Meine Omi war eine starke Frau, sie hatte auch keine andere Chance. Teilte sie das Schicksal einer Frauengeneration, die zwei Kriege erlebt und liebe Menschen verloren haben. Ich kannte sie nur als willensstarke, zupackende Frau, die stets „ihren Mann“ stand. Die traumatisierenden Erfahrungen hat sie wenig mit uns geteilt, wohl aber ihre Erkenntnis, dass es immer weitergeht.

Meine Omi war die absolute Meisterin der Suppenküche. Sicher auch, weil Reste nicht köstlicher gekocht werden können, und Reste wurden grundsätzlich restlos verarbeitet. Bis ins hohe Alter rannte sie (ja, gehen war das sicher nicht) jeden Tag auf einen Wochenmarkt, um Frisches einzukaufen und daraus sehr oft eine köstliche Suppe zu zaubern. Im Discounter hat sie höchstens mal Toilettenpapier gekauft, Essen sollte stets in besserer Qualität sein. Diese Überzeugung und Konsequenz zog sie durch, so lange es ging. Da hielt sie es eher mit den Italienern, die ja auch bereit sind, einen deutlich höheren Anteil ihres Verdienstes für Lebensmittel auszugeben. Denn als alleinerziehende Mutter nach dem Krieg, als Schneiderin, da musste sie die Taler schon gut beisammenhalten.

Saisonal, regional – davon war meine Omi früher schon überzeugt. Da gab es im Winter keine Beeren, dafür aber in der Saison täglich. „Himmel und Erde“ war (angeblich) ihre absolute Leibspeise, Birne mit Kartoffeln. Ob sie das wirklich mochte, oder es eine gute Art war, geschenkte Birnen aus irgendeinem Schrebergarten zu verarbeiten, ich weiß es nicht. Sie behauptete es jedenfalls. Für mich war es eine unerträgliche, geschmacklose Pampe. Ich habe es so wenig gemocht, dass ich diesem Gericht keine kulinarische Erwachsenen-Chance gegeben habe. Aber es gab auch Suppen, die durch kein exklusives Menü getoppt werden konnten. Omis Markklösschensuppe und Gemüseeintopf standen immer hoch im Kurs bei mir.

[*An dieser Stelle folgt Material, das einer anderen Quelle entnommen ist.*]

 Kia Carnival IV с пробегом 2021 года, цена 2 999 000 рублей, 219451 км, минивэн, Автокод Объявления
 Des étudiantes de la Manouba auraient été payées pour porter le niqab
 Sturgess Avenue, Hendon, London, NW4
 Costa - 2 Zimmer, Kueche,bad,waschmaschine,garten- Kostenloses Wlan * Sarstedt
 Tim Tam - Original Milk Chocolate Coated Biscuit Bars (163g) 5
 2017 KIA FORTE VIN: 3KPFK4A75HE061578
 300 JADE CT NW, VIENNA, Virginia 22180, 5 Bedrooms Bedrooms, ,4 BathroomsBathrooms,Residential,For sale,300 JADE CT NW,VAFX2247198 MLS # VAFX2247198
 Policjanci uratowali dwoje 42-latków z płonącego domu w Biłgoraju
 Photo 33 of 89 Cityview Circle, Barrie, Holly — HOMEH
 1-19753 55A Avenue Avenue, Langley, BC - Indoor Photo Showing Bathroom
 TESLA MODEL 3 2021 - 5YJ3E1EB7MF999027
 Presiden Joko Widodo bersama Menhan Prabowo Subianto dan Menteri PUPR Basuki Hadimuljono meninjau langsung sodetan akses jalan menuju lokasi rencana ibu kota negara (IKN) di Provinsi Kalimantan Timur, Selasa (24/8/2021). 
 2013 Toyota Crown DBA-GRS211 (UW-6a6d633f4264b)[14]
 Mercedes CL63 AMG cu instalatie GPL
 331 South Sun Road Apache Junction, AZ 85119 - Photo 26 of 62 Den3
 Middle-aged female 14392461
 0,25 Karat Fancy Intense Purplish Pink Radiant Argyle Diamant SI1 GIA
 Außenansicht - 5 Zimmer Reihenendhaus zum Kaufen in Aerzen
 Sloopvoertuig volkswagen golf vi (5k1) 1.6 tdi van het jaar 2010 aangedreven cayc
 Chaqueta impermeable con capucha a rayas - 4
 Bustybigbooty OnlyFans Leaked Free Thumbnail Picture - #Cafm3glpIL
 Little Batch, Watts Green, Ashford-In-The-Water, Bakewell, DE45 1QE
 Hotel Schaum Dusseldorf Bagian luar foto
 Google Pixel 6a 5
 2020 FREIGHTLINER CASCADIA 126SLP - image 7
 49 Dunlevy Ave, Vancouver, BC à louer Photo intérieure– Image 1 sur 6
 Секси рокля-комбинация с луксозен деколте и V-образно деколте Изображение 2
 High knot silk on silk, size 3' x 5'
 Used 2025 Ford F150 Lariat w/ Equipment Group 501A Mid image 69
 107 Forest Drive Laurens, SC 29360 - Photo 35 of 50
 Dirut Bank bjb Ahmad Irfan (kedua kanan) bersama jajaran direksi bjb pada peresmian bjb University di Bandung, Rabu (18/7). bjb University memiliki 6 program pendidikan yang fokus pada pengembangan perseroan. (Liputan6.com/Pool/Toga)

Als Omis Schwiegerenkel in ihrer Stadt studierte, bildeten die beiden eine Suppengemeinschaft. Sie hatte meinen Freund sehr viel früher als Enkel adoptiert, als ich ihn heiratete (sie hatte halt dieses untrügliche Gespür für Qualität :-)). Mindestens einmal die Woche verabredeten sich die beiden um 12:00 Uhr zum gemeinsamen Suppenverzehr. Wehe dem, wenn es mal zwei Minuten Verspätung gab, da konnte der Haussegen deutlich schief hängen, bzw. die Suppe sauer werden. Ich war ziemlich neidisch auf dieses Arrangement, war aber derzeit in einer anderen Stadt.

Wenn ich an all diese kleinen Episoden denke, dann fühle ich mich immer noch mit meiner Omi verbunden. Heute wäre sie 110, doppelt so alt wie ich heute. Meine Suppenqualitäten sind schon nicht ganz schlecht, aber ich messe mich halt an der Meisterin und da gibt es noch Raum nach oben.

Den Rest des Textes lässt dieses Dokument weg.